Les dispositions de l’OMC à Genève : Une véritable rupture ou le business-as-Usual ?

Genève | 17 juin 2022 | Premières réactions de La Via Campesina aux résultats du MC12 de l’OMC


Contrairement aux déclarations publiques de l’Organisation mondiale du commerce (OMC) – les dirigeant.es paysan.nes de La Via Campesina, qui sont à Genève cette semaine pour se mobiliser contre la 12ème réunion ministérielle, insistent sur le fait que l’organisme commercial n’apporte aucune réponse sur les questions les plus urgentes auxquelles sont confrontés les petit.es producteur.trices alimentaires ruraux et urbains du monde entier. Les résultats de la réunion ministérielle sont à la fois alarmants et décevants. Le compromis fait à Genève ne répond pas aux multiples crises telles que l’inflation, la hausse des prix, la faim et le réchauffement climatique.

Nos allié.es et les membres de la société civile qui ont suivi les négociations de l’intérieur nous ont informés que le processus menant à la déclaration publiée le dernier (et le plus long) jour de la réunion ministérielle était opaque et honteux.

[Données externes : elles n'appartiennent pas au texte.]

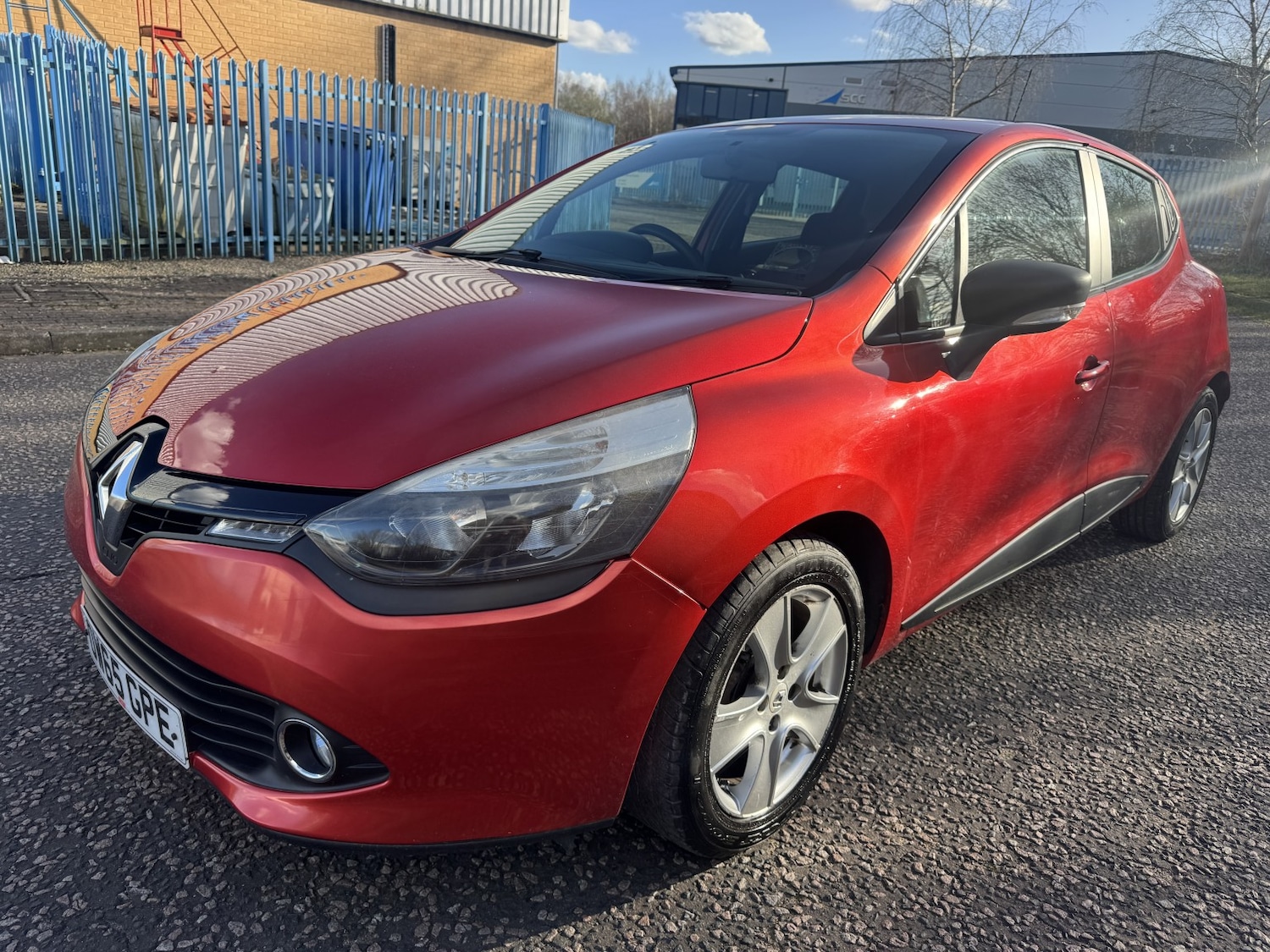 Used Renault Clio 2016 for sale - 77896150: Photo 2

Le texte final aurait été fourni à la dernière minute, ne laissant aucune chance aux délégations diplomatiques nationales de fournir des commentaires ou des contributions de fond.

Depuis près de neuf ans, l’OMC traîne les pieds sur la question des “stocks publics à des fins de sécurité alimentaire”. Malgré les pressions exercées par plusieurs pays en développement, l’organe commercial n’a pas pris de décision à ce sujet lors de la 12e réunion ministérielle. Il est également décevant de constater qu’en dépit de la rhétorique publique, les pays en développement qui avaient des propositions concrètes à faire à cet égard ont relâché la pression le dernier jour dans ce qui semble être une tentative de sauver l’institution d’un démantèlement définitif.

Pire, les pays ont signé une déclaration qui “se résout à renforcer le système commercial multilatéral actuel avec l’OMC à sa tête.

Trois décennies de pression abusive de l’OMC en faveur de la déréglementation, de la privatisation et des politiques de marché libre ont anéanti les économies rurales, les marchés paysans locaux et la souveraineté alimentaire de nos territoires. Pourtant, les nations membres insistent pour continuer à faire comme si de rien n’était, avec l’OMC au centre !

En fait, les perturbations et le chaos créés par la pandémie et les guerres n’ont fait que rendre plus évidente la nécessité de la souveraineté alimentaire dans nos territoires. Le compromis fait à Genève par l’OMC n’offre rien à cet égard ; au lieu de cela, il répète la rhétorique consistant à considérer toute forme d’intervention de l’État en faveur des paysan.nes comme ” source de distorsion pour le commerce mondial “.

Le changement climatique, qui constitue à ce stade une crise existentielle pour toutes les formes de vie et qui n’a fait qu’être aggravé par les exploitations agricoles industrielles et les chaînes d’approvisionnement alimentaire industrielles, trouve une mention timide dans le dernier paragraphe de la déclaration générale de l’OMC.

Alors, quelle est exactement l’avancée ici ? Apparemment aucune.

Dans les jours à venir, La Via Campesina publiera une analyse détaillée pour prouver que le compromis fait à Genève par l’OMC en 2022, présenté comme un succès historique, n’est qu’une tentative pour sauver l’Organisation Mondiale du Commerce de l’extinction. Nous appelons nos membres et allié.es à rester attentifs à l’évolution de la situation et à se méfier des titres trompeurs des médias qui visent à créer une illusion de succès.

La Via Campesina insiste sur le fait que l’OMC doit rester en dehors de toutes les questions alimentaires et agricoles. Les Etats doivent sortir de l’OMC et créer un cadre international alternatif pour l’agriculture et le commerce construit sur les principes de la Souveraineté Alimentaire et en cohérence avec la Déclaration des Nations Unies sur les Droits des Paysan.nes (UNDROP) et d’autres instruments de droits humains.

La Via Campesina continuera à lutter contre l’OMC et les accords de libre-échange, pour la souveraineté alimentaire et les droits des paysan.nes.